Cardiocirculatory effects of acutely increased intracranial pressure and subsequent brain death

C Sebening, C Hagl, G Szabo, U Tochtermann, G Strobel, P Schnabel, K Amann, CF Vahl and S Hagl
Department of Cardiac Surgery, University of Heidelberg, Germany.

Hemodynamic instability and functional impairment of the donor heart are currently reported problems in organ transplantation. Actual shortage of potential donor hearts continues to raise controversial discussion about adequate donor management with regard to graft quality. In an experimental open chest model, physiopathologic effects of acutely induced, irreversible intracranial hypertension (AIIHT) were investigated in situ with respect to hemodynamics, cardiac pump and muscle function, and hormonal parameters. Acutely induced irreversible intracranial hypertension was induced by rapid inflation of a subdural balloon catheter in 10 anesthetized dogs, four animals serving as controls.

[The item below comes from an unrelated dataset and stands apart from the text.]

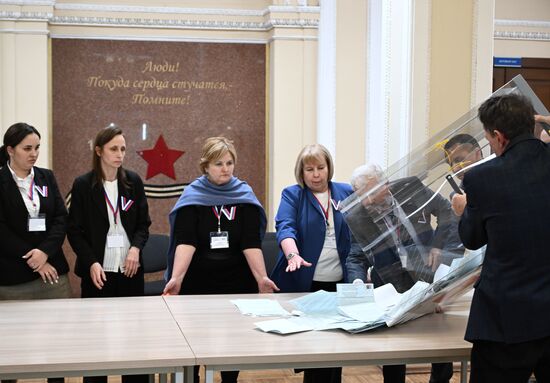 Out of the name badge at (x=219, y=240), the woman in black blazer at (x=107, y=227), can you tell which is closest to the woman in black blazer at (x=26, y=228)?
the woman in black blazer at (x=107, y=227)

The observation period in both groups was 300 min. Cardiocirculatory stability was maintained by continuous crystalloid volume substitution without the use of inotropic or pressor agents. After AIIHT, three characteristic hemodynamic response phases have been observed: 1) The "acute hyperdynamic phase" lasting up to 15 min with marked increases of heart rate (HR), left ventricular pressure (LVP), cardiac output (CO) and myocardial contractility indices, 2) At the end of the "early restabilization phase", (60 min), these parameters returned close to control levels, except HR (+50%) and systemic vascular resistance (SVR) (-40%), 3) During the "late restabilization phase", filling pressures, LVP and CO remained within control limits at low SVR, contractility indices showed a decreasing tendency. All assessed plasmatic hormones (Catecholamines, triiodothyronine (T3), thyroxine (T4), adrenocorticotropic hormone (ACTH), cortisol and anti- diuretic hormone (ADH) showed a continuous fall to levels significantly below control over the phases of restabilization. Acutely induced irreversible intracranial hypertension leads to multifactorial hemodynamic and hormonal changes. At low SVR, cardiac pump function was preserved exclusively by continuous volume substitution, while myocardial contractility indicated a slight decrease. From this observed hemodynamic and functional state within the donor organism, no reliable prediction on graft functional capacity can be made.